*** Source information ***
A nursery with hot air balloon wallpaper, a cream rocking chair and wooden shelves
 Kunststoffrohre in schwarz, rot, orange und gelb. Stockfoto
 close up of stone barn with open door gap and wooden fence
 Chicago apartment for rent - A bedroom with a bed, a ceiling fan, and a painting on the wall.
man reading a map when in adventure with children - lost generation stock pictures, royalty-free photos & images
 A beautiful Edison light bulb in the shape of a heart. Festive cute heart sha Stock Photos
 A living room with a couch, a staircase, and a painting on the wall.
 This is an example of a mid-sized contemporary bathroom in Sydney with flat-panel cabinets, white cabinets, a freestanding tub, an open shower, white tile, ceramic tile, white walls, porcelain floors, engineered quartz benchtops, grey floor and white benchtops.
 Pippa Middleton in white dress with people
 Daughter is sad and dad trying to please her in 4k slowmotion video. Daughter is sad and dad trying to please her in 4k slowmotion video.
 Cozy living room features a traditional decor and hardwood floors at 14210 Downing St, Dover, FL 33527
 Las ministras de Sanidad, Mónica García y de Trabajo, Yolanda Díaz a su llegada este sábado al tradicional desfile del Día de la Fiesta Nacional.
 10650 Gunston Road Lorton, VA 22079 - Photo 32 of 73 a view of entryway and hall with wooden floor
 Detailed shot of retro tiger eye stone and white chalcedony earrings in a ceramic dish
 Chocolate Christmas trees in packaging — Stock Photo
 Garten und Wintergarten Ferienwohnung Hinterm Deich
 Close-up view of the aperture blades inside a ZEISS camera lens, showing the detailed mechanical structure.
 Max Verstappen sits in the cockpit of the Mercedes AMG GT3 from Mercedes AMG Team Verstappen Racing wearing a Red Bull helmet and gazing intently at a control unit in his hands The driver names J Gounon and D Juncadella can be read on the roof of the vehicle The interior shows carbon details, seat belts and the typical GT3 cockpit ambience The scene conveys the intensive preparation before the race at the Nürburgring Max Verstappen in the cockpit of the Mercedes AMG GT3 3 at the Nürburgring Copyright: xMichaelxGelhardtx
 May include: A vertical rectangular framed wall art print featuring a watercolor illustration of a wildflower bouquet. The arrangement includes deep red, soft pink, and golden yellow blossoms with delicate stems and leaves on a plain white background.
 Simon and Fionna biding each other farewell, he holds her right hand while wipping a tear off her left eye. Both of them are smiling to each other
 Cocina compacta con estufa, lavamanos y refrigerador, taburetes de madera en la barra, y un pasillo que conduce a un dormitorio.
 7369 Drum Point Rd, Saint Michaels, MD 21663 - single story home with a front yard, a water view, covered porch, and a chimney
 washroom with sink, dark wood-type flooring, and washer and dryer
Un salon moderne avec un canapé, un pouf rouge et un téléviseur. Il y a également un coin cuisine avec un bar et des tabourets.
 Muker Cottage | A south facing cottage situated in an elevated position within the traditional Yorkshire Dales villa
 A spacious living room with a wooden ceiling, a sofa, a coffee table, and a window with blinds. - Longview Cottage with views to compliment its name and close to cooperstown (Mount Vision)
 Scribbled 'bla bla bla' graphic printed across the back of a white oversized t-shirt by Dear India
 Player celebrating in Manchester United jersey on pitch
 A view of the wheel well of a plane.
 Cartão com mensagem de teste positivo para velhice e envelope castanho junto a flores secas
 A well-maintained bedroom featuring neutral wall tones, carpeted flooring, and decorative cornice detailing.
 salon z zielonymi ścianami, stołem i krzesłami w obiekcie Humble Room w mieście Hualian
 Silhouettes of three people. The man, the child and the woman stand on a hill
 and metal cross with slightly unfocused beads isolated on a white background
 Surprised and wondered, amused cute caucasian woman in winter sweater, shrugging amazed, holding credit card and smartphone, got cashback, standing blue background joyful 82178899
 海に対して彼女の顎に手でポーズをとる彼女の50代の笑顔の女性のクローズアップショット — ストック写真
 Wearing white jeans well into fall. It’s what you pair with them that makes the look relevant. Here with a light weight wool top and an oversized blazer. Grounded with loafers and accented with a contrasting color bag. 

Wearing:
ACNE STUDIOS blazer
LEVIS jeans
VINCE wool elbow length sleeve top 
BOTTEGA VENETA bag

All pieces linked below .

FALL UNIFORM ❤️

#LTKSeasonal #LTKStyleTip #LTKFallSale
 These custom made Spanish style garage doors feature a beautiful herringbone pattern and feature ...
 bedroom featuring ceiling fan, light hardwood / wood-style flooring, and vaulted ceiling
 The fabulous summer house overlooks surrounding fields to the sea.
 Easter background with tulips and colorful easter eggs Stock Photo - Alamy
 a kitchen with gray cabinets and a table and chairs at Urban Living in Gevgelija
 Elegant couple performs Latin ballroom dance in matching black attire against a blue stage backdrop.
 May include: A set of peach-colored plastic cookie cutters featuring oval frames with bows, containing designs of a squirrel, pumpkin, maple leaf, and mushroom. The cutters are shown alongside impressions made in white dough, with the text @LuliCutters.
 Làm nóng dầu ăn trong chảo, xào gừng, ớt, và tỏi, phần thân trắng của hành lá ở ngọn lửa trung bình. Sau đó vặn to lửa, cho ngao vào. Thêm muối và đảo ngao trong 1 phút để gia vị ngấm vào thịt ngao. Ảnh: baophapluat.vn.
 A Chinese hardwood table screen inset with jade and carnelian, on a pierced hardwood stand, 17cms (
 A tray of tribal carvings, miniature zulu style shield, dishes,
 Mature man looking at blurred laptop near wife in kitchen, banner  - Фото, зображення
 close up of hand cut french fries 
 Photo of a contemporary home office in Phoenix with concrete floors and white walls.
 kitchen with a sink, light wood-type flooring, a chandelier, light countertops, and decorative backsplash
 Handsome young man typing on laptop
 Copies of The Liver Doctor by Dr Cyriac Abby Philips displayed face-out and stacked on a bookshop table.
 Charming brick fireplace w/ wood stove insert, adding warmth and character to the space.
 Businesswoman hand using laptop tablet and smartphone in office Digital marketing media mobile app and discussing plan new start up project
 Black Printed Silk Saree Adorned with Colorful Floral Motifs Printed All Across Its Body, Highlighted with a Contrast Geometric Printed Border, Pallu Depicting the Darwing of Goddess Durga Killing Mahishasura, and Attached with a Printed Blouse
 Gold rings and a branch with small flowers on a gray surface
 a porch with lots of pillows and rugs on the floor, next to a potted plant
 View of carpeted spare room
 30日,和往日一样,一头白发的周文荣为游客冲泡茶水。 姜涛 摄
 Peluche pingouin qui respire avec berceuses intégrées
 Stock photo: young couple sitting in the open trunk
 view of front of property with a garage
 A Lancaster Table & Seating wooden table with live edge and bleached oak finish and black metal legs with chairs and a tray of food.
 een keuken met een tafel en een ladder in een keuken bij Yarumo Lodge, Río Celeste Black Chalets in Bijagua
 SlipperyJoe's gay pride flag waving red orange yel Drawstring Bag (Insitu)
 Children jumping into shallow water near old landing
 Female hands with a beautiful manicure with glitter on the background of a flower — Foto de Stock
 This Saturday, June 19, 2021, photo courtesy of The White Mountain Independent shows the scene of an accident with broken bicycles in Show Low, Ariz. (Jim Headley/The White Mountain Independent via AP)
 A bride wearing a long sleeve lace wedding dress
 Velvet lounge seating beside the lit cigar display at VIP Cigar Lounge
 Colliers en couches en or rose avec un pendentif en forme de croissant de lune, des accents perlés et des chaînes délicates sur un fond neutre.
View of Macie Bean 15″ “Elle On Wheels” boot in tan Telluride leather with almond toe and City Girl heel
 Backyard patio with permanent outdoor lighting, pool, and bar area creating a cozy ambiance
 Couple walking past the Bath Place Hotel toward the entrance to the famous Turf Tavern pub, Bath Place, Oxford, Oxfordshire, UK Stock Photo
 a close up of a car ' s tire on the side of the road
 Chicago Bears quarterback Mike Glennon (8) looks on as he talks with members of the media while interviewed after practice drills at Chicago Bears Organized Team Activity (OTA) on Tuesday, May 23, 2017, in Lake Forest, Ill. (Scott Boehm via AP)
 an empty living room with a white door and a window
*** End of Source information ***
Repeat, exactly as they stand above, the lines from the line with "Elegant couple performs" to the line with "May include: A set", both lines included.

**Task result:**
 Elegant couple performs Latin ballroom dance in matching black attire against a blue stage backdrop.
 May include: A set of peach-colored plastic cookie cutters featuring oval frames with bows, containing designs of a squirrel, pumpkin, maple leaf, and mushroom. The cutters are shown alongside impressions made in white dough, with the text @LuliCutters.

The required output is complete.